| 8 year old badly wants to be an engineer like his dad. :’) Public school got him into Scratch so he was animating things. The high school robotics team I mentor has Lego robotics kits for their community outreach program. Those kits use Scratch. So I got him a used kit and he spends an absolutely ridiculous amount of time making robots that do stuff. This started at a very young age: we gave him access to a windows PC, not a tablet. So by 3 he could log in and get to YouTube kids. This meant that keyboard and mouse and web browser were very comfortable concepts. We also gave him and his younger brother countless building toys. Meccano. Lego Technic. A few lessons I’d love to empart: - you can’t make your kid into this. His younger brother has no interest and is far more about sports. So we nurture that with him instead. - open ended learning. I’m not sitting down and teaching him. All I do is make sure he has access to the tools, and I unstick him when he’s stuck. - I connect concepts when I see them. “That’s called a loop. It’s just like that thing you did in Minecraft to make your machine work over and over again.” - the learning must all be a side effect of having fun.

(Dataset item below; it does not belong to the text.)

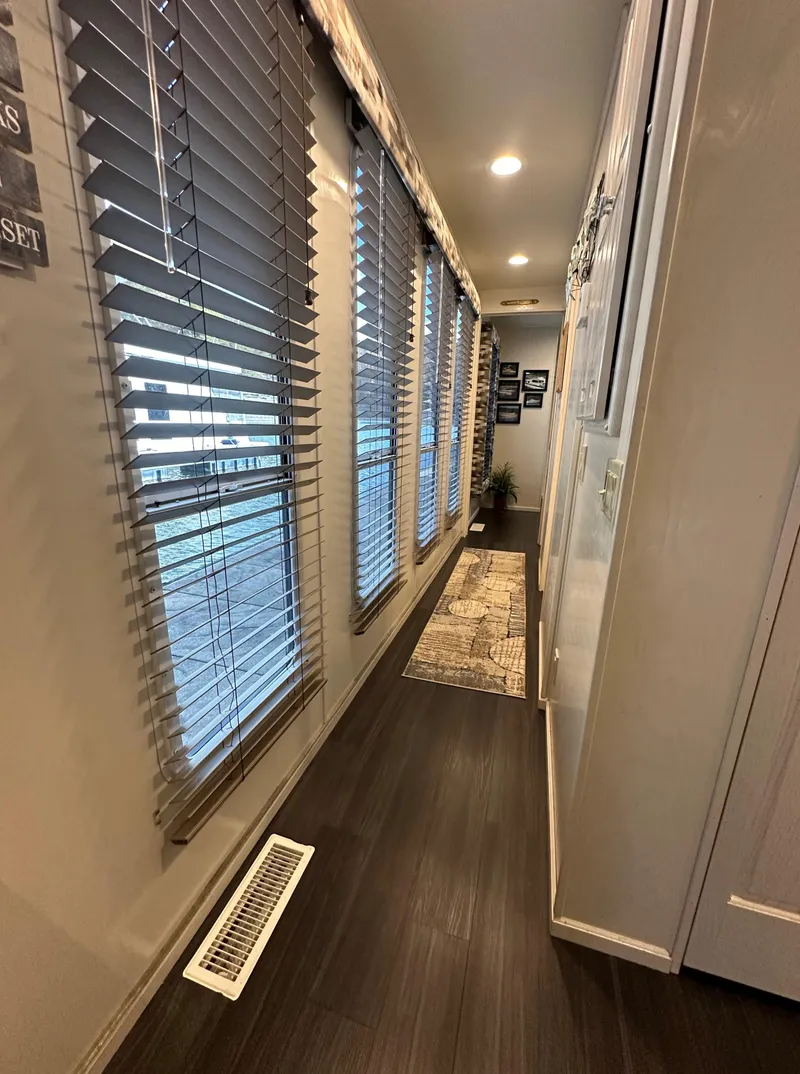 Slide: The Image of Narrow hallway with wooden flooring, large windows, and wall decor in a 2001 Sharpe 16x80 model. - 28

Don’t try to teach programming. Do fun things and fill in the programming toolbox, tool by tool, as they’re needed. - connect programming to what your kid is passionate about. Programming is a means to an end, not the end itself. My kid loves trains and has a Lego train set. I suggested he use his technic to automate the track switch. I then let him work at it for hours and hours over weeks, giving him breadcrumbs of what to consider next. |
It is now a JavaScript platform:
https://turtlespaces.org/
Historical background may be helpful:
https://en.m.wikipedia.org/wiki/Logo_(programming_language)
Smalltalk, as the founding language for object-oriented programming, was originally targeted at children.
https://en.m.wikipedia.org/wiki/Smalltalk
I don't think any operational versions still exist.